**Work instruction**
The required output is the stretch from the line containing "Done! Hey Google" through the line containing "To avoid TLE, we" in the records below, unaltered and with no pictures.

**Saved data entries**
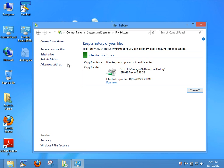Also, File History will only backup files in your libraries, your contacts, your favorites, your Microsoft SkyDrive, and on your desktop. So if you have files you want to backup that are not in one of these locations, you have to create a library for it.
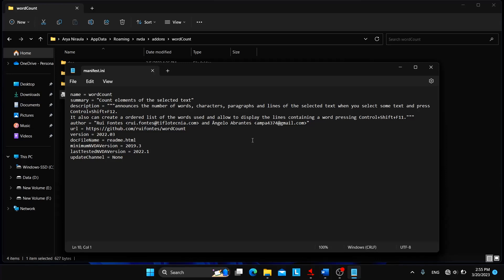So you need to change that NVDA version number into the NVDA that you are using currently, or the particular NVDA version where this add-on is incompatible.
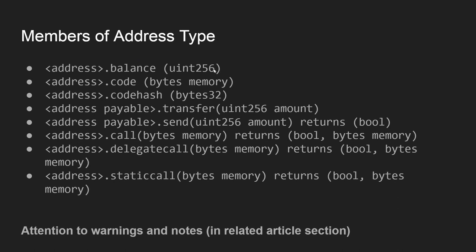For each address, we have information on balance, on the code that is stored at the address, and the code hash.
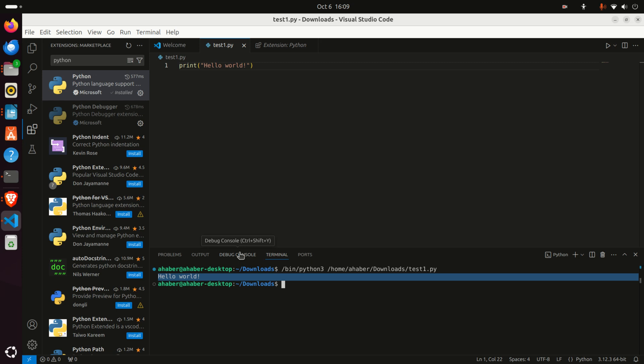That's it. This is how you install Visual Studio Code and the Python extension. That's all for today—thanks for watching.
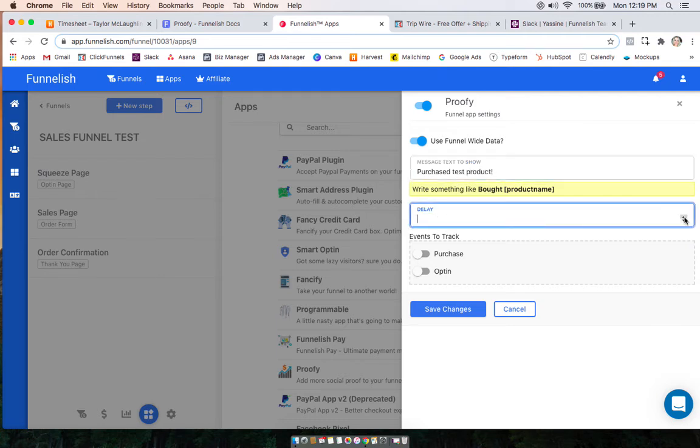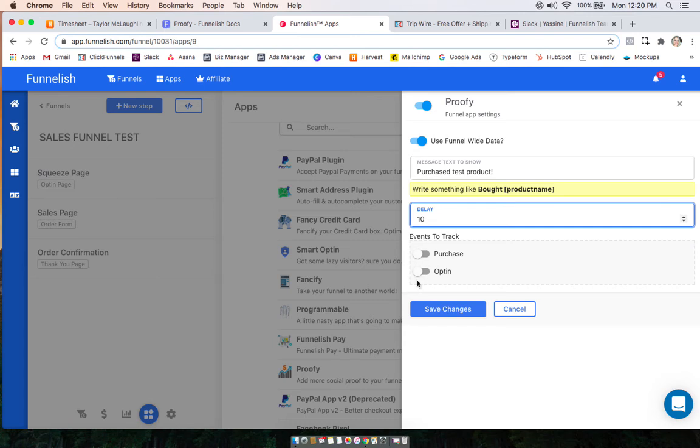And now you can choose the delay. So say you want it every like 10 seconds. And you can choose if you want purchases, options, or both. So I'm just going to leave it on purchase because I have the word purchased.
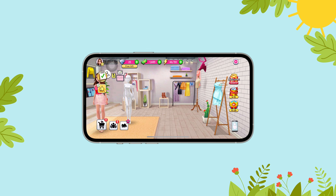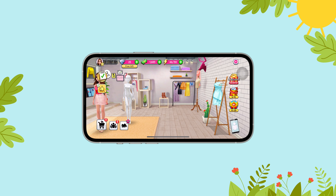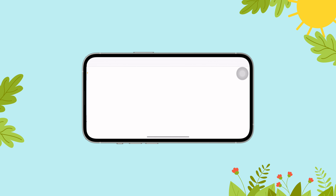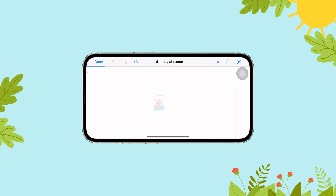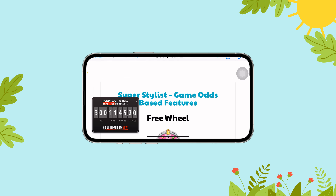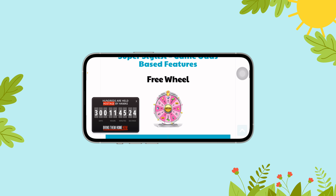Next, select the little pink ear icon. Tap on the odds button that's on the bottom of your screen. Now you'll be guided to the game odds best features website.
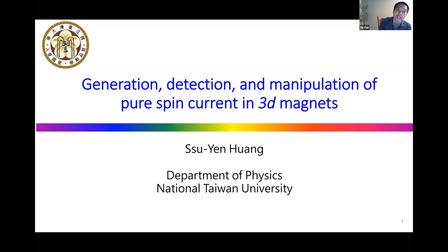Hi, everyone. Welcome to the 44th Online Spintronics Seminar. Thank you for joining us. This is Xin Feng from the University of Denver. It is my great pleasure to introduce our speaker today, Professor Su-Yuan Huang.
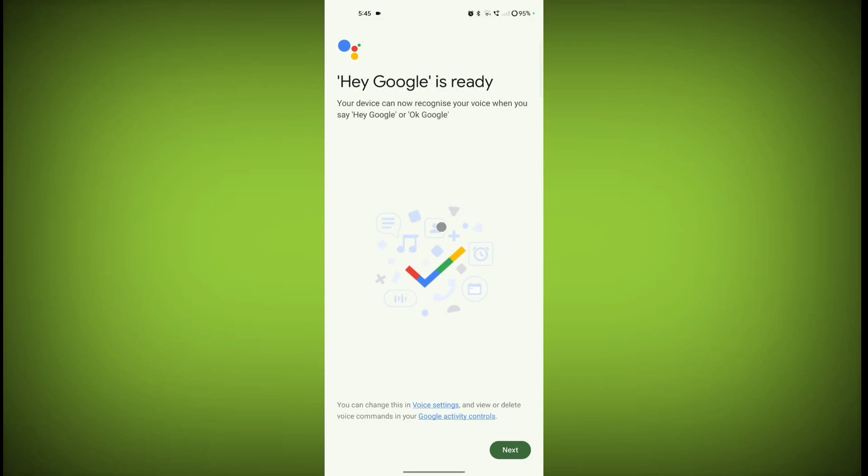Done! Hey Google is ready. Your device can now recognize your voice when you say Hey Google or Okay Google. Click on Next.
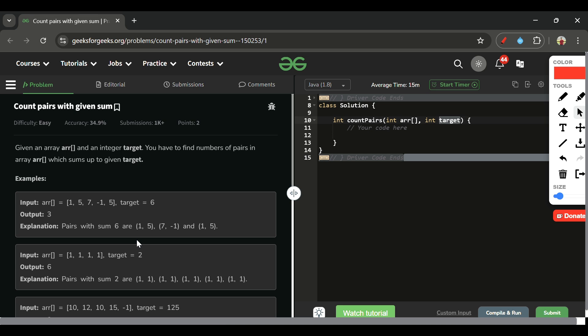To avoid TLE, we need to solve this in better than O(n²) — ideally O(n) linear time complexity. The key insight is: at any point when I encounter an element, say 5, I check if target minus current element (6-5=1) is already present. If both current element and (target - current element) exist, I've found a pair.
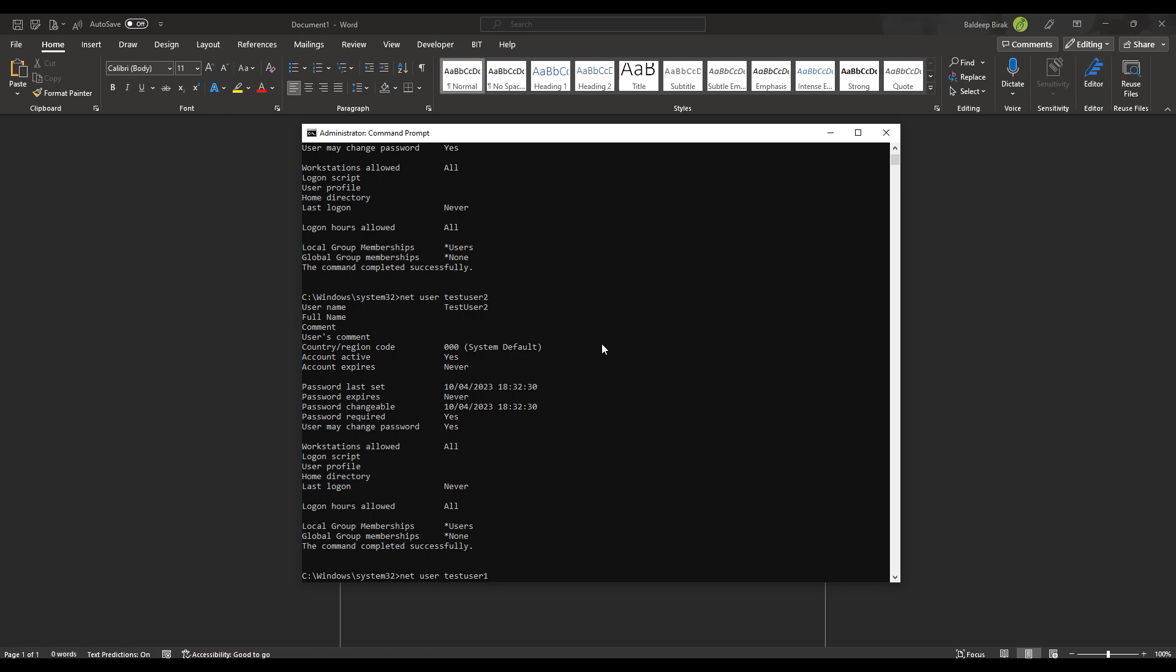So we've got net user and then the user account test user one. Now, on a side note, if your user account has a space like this, it won't work. So you have to put quotes around a name that has spaces. We don't advise against having a username with a space. So let's just take that out. So we've got test user one, and then forward slash delete. Now, doesn't matter if you do it all lowercase or if you do it all uppercase, it will just work.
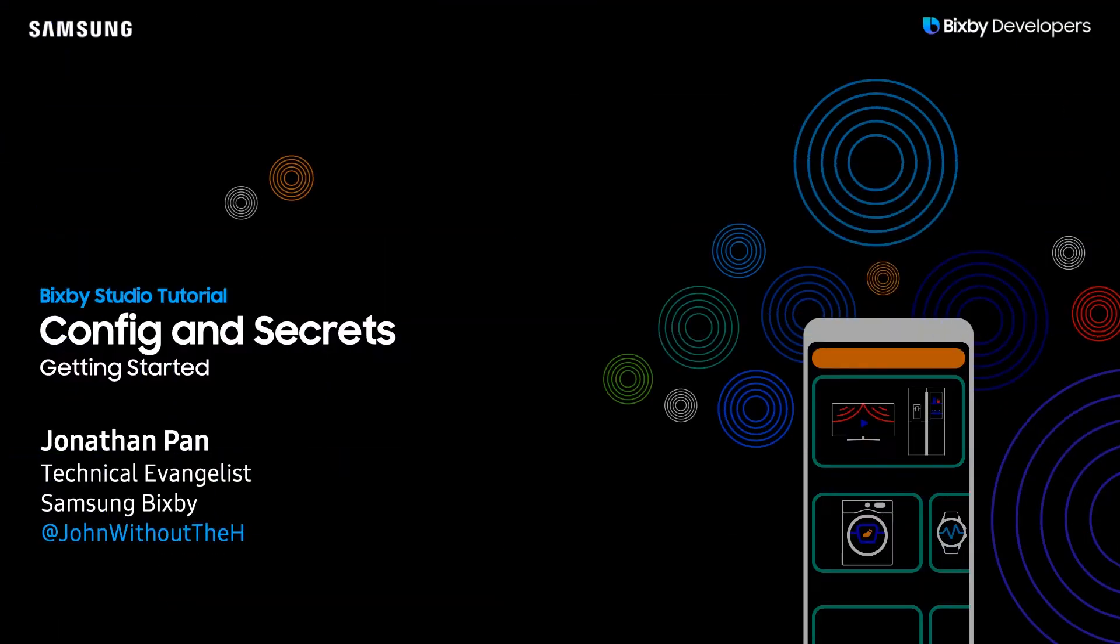Hey there Bixby Developers, Jonathan Pan here, and today I'll be demonstrating how to use config and secrets in your capsule.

**Exercise solution**
Done! Hey Google is ready. Your device can now recognize your voice when you say Hey Google or Okay Google. Click on Next.
To avoid TLE, we need to solve this in better than O(n²) — ideally O(n) linear time complexity. The key insight is: at any point when I encounter an element, say 5, I check if target minus current element (6-5=1) is already present. If both current element and (target - current element) exist, I've found a pair.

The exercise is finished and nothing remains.